**Exercise details:** Copying nothing before it, reproduce the line that holds "Catering Hotel Restaurant" and every line after it in the data, exactly.

**Source data:**
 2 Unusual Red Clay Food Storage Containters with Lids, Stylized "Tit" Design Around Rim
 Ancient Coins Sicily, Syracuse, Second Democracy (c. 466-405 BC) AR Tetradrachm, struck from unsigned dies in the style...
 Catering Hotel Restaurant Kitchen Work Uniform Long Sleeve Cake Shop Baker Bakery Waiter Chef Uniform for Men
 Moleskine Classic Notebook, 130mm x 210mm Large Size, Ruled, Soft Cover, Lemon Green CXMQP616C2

**Result of this exercise:**
 Catering Hotel Restaurant Kitchen Work Uniform Long Sleeve Cake Shop Baker Bakery Waiter Chef Uniform for Men
 Moleskine Classic Notebook, 130mm x 210mm Large Size, Ruled, Soft Cover, Lemon Green CXMQP616C2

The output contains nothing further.